Several meteorological processes are responsible for causing drought conditions. Among these are periodic flaring of the sun known as sunspots, increases in atmospheric dust, the warming of the planet through increased carbon dioxide (CO2) and fluorocarbon emissions resulting in the greenhouse effect or global warming, and the effects of the El Nino-southern Oscillation (ENSO). Scientists have argued that in some areas of the world, there is a fairly regular 22-year rain/drought pattern. These scientists believe that this 22-year cycle is linked to sunspot patterns. Sunspots are huge magnetic storms on the sun’s surface. They have life spans of only a few days, yet, it is believed that they somehow affect the weather on earth by changing pressure and temperature conditions at the equator, which then results in droughts in certain parts of the world. It is known that sunspot activity reaches a maximum every 11 years. That 11-year pattern is thought to relate to the 22-year weather cycle on earth.

Atmospheric Dust

Another climatic phenomenon that is believed to result in drought is increased atmospheric dust. Winds at the desert margins spur vast amounts of dust into the air. The fine material is propelled into the atmosphere and transported long distances by the easterly winds as a long dust cloud. Such dust clouds have been observed off the coast of West Africa from satellites and space shuttles, extending far out into the Atlantic Ocean. Some of this dust can be blown all the way across the Atlantic into the Caribbean Islands. The dust layer high up in the atmosphere can hinder cumulus cloud formation because of the warm temperatures emanated by the dust layer as the sun heats it. Because of atmospheric dust, drought conditions might be experienced in regions where rain would usually have fallen.

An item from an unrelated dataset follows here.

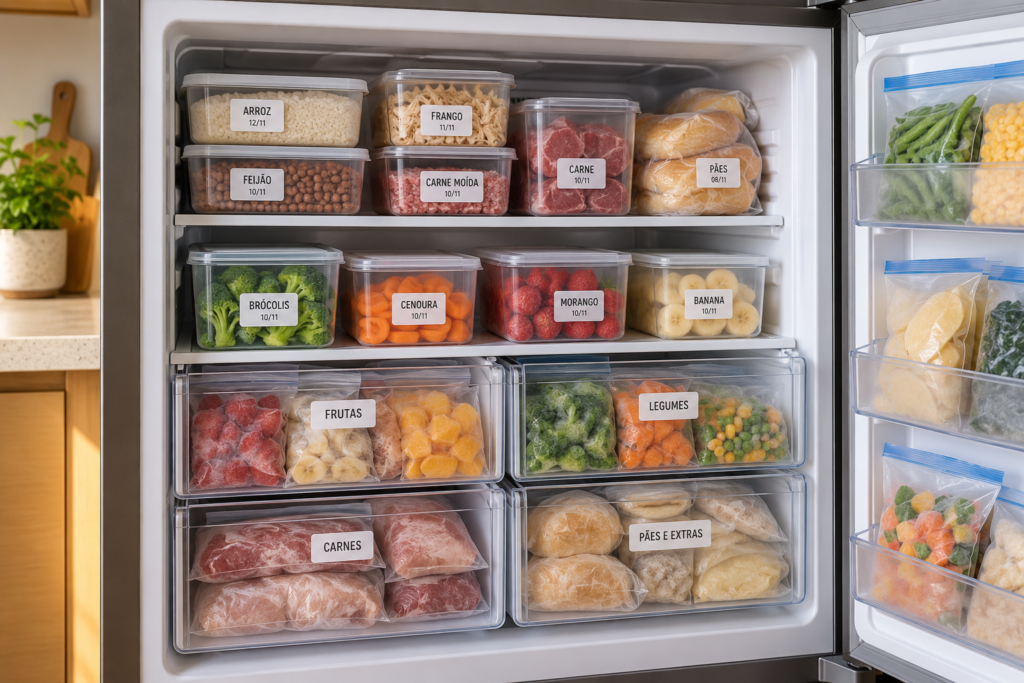 Alimentos congelados em porções com etiquetas de nome e data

The massive amounts of greenhouse gases (such as carbon dioxide, methane, nitrous oxide, chlorofluorocarbons, and ozone) that are being spewed into the atmosphere due to recent increased human activity, and intercontinental pollution of the atmosphere with aerosols, can result in more frequent droughts. For example, there has been increased variability of the monsoon weather over the Indian subcontinent in recent decades. This is blamed on polluted “atmospheric brown clouds” traveling from one continent to another, which interact with oceanic warming, resulting in an increased frequency of drought conditions.

Scientists are currently generating large-scale models of the atmosphere called General Circulation Models (GCMs), which are composed of mathematical equations and relationships designed to simulate global atmospheric conditions and make projections of the future climate. These models indicate that, as a result of increasing greenhouse gas concentrations, the average global temperature will increase 1.4-5.8 degrees C (2.52-10.44 degrees F) by 2100. With the projected global temperature increase, some scientists think that the global hydrological cycle will also intensify. Thus, the combined impacts of increased temperature, precipitation, and evapotranspiration will be increased snowmelt, runoff, and soil moisture conditions. These models further indicate that rainfall will increase at high latitudes and decrease at low and mid-latitudes where it is normally high. This will result in severe drought conditions in mid-continent regions.

El Nino

One other climatic feature that has been blamed for causing drought conditions, particularly in Africa and Australia, is the El Nino-Southern Oscillation (ENSO) event. ENSO events are major disturbances in the air pressure and surface water temperatures in the Pacific Ocean. El Nino-Southern Oscillation is the result of a cyclic warming and cooling of the surface ocean of the central and eastern Pacific. This region of the ocean is normally colder than its equatorial location would suggest, mainly due to the influence of northeasterly trade winds, a cold ocean current flowing up the coast of Chile, and to the upwelling of cold deep water off the coast of Peru. Periodically, the tropical sun warms these cold waters, causing the surface of the eastern and central Pacific to warm up in an El Nino event. This results in heavy rainfall in South America, but also in severe droughts in the Indian Ocean and the western Pacific, extending as far south as the eastern coast of Australia and as far north as the Horn of Africa. The more intense the El Nino, the more intense and extensive the droughts in Africa and Australia become. The reverse phenomenon, the cooling of the eastern Pacific waters, is known as La Nina. The possible interrelationship between El Nino and global weather patterns, especially the simultaneous droughts in Russia, Africa, Australia, and Central America, was first realized in 1972-73.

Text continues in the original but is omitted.